- **DATA BELOW**
== == ==
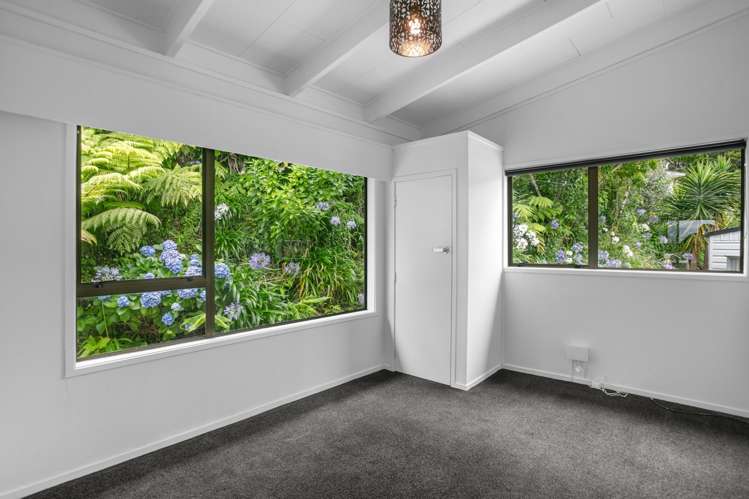 5 Lucy Road Waiomu_14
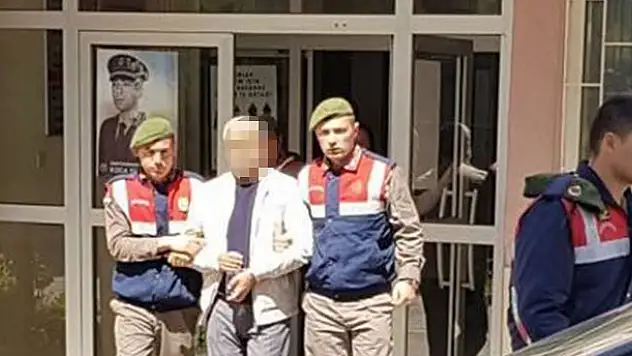 Konya'da 6 suçtan aranan hırsızlık şüphelisi profesör kimliğiyle yakalandı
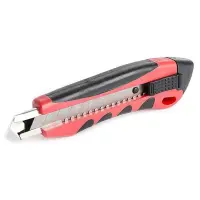 Нож Intertool HT-0506 с отлам. лезвием 18мм метал. направляющая противоскользящий корпус дробилка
== == ==
- **EXERCISE DESCRIPTION**
Write out again every line above exactly as given; the pictures do not belong in the copy.

- **EXERCISE ANSWER**
 5 Lucy Road Waiomu_14
 Konya'da 6 suçtan aranan hırsızlık şüphelisi profesör kimliğiyle yakalandı
 Нож Intertool HT-0506 с отлам. лезвием 18мм метал. направляющая противоскользящий корпус дробилка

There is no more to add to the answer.